*Dataset entries*
☆ ☆ ☆
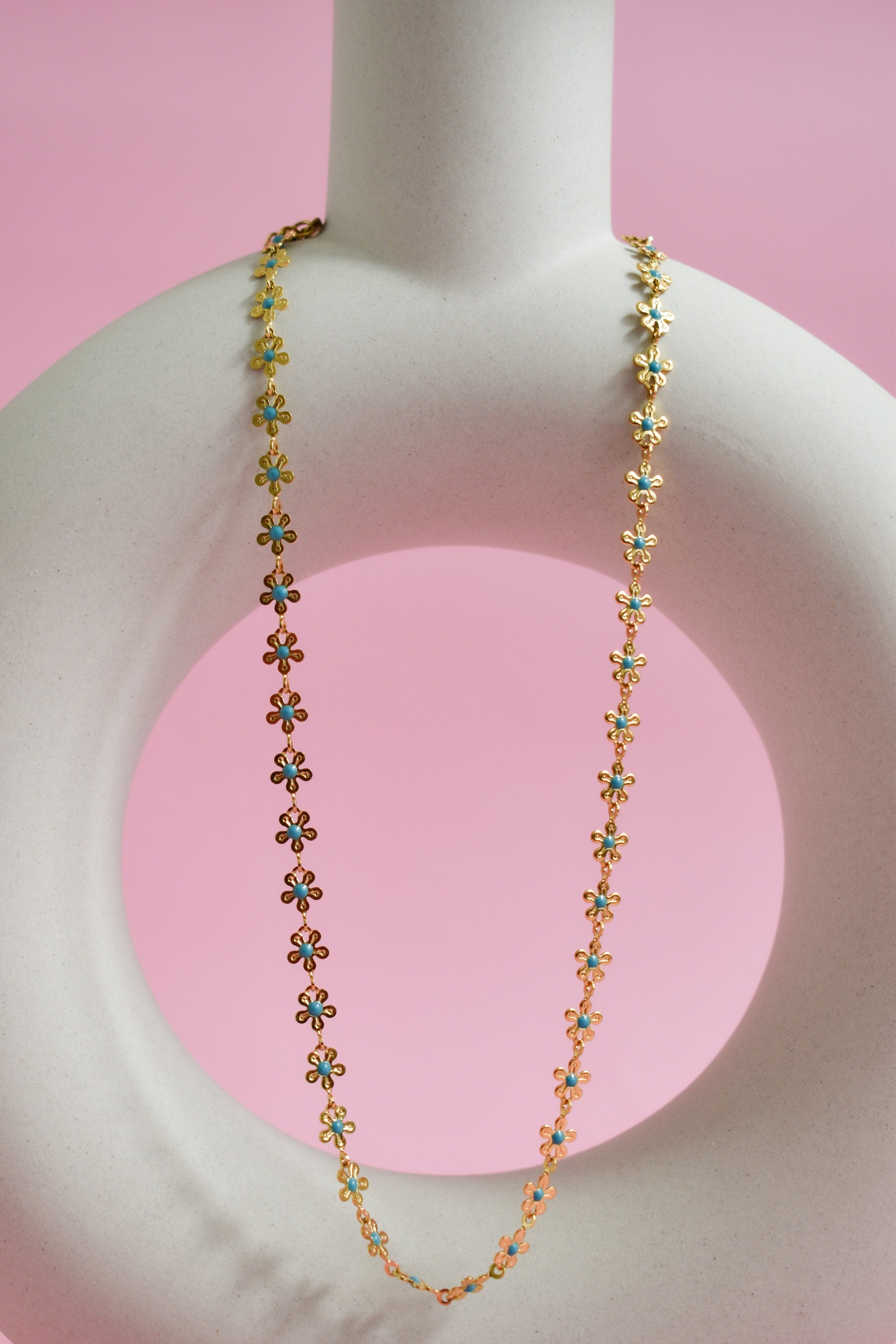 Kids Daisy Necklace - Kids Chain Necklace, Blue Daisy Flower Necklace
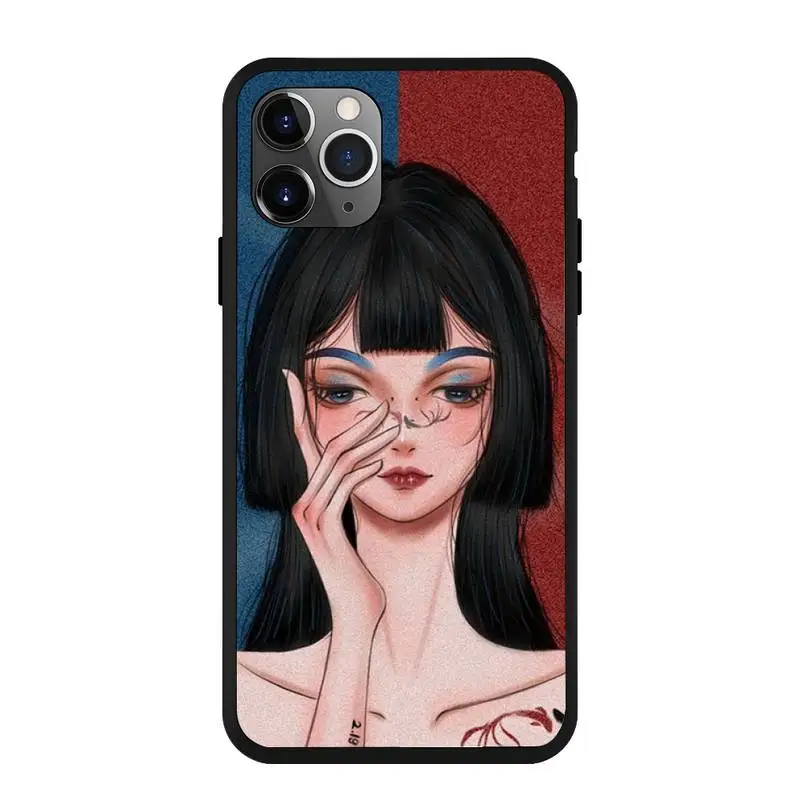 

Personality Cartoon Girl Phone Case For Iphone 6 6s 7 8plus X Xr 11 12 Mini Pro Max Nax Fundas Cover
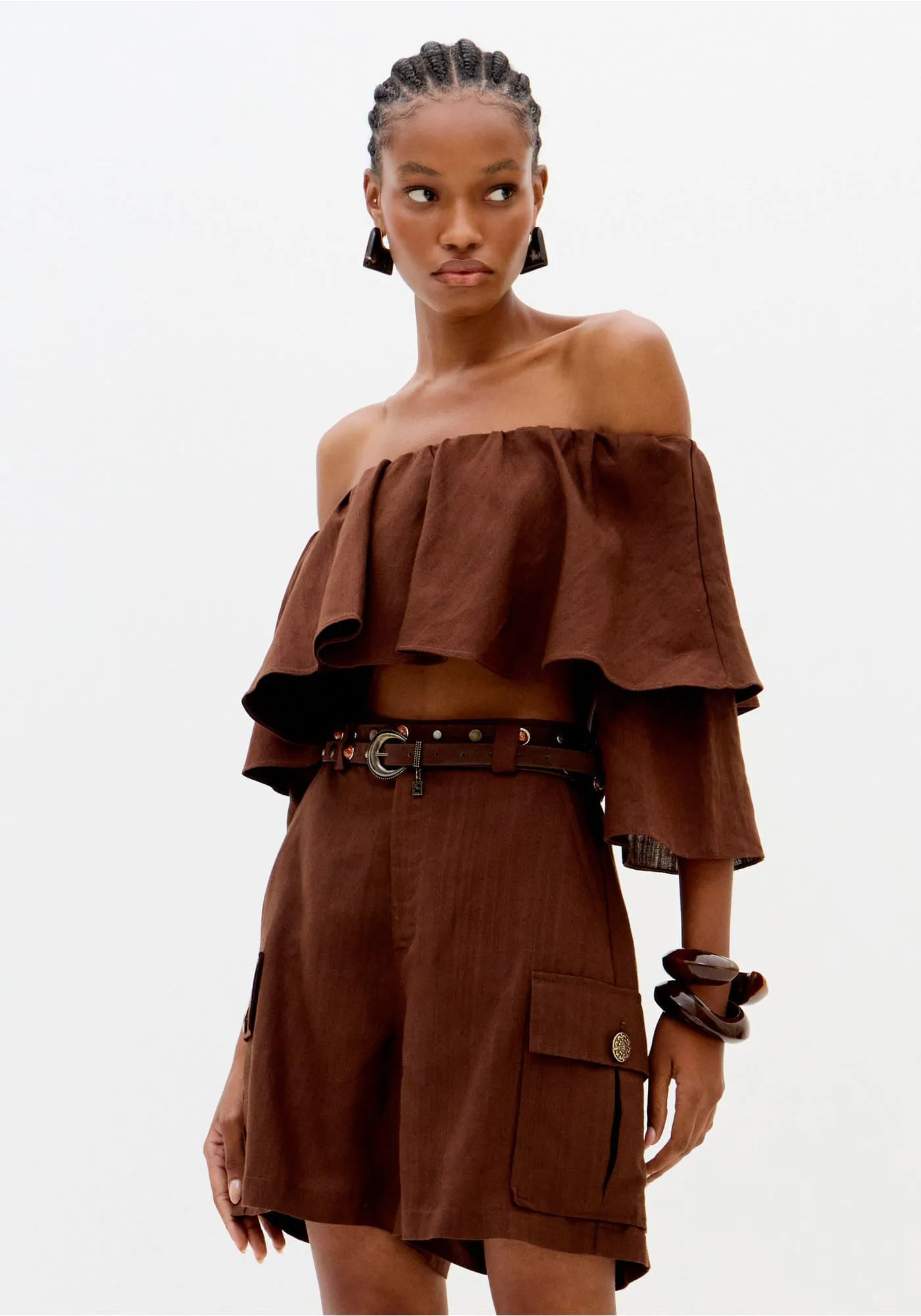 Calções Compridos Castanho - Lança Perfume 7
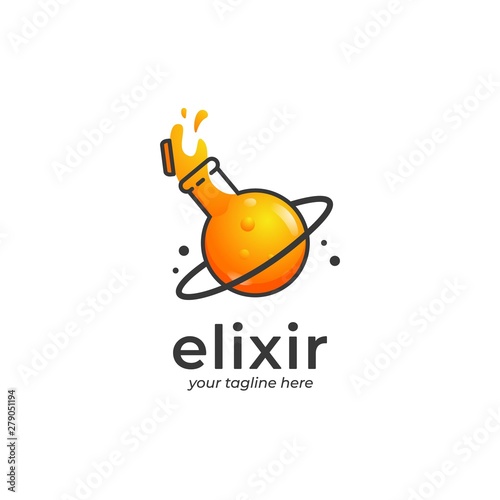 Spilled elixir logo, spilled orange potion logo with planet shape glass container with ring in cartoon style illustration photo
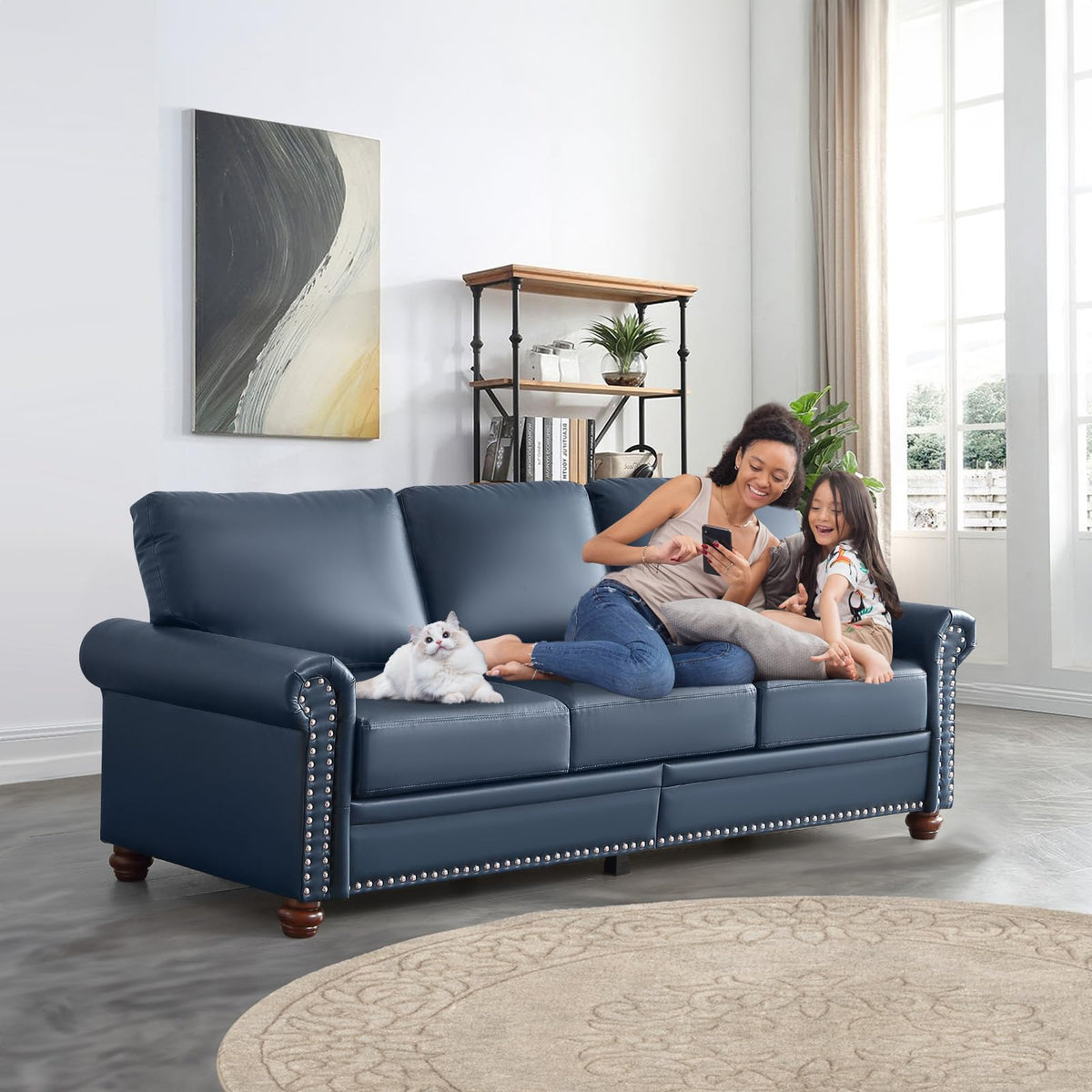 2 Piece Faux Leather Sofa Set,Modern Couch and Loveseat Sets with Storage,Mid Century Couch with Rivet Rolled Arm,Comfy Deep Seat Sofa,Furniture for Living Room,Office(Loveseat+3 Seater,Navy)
☆ ☆ ☆
Leaving out the pictures, return the records exactly as given.

*Solution to the problem*
 Kids Daisy Necklace - Kids Chain Necklace, Blue Daisy Flower Necklace

Personality Cartoon Girl Phone Case For Iphone 6 6s 7 8plus X Xr 11 12 Mini Pro Max Nax Fundas Cover
 Calções Compridos Castanho - Lança Perfume 7
 Spilled elixir logo, spilled orange potion logo with planet shape glass container with ring in cartoon style illustration photo
 2 Piece Faux Leather Sofa Set,Modern Couch and Loveseat Sets with Storage,Mid Century Couch with Rivet Rolled Arm,Comfy Deep Seat Sofa,Furniture for Living Room,Office(Loveseat+3 Seater,Navy)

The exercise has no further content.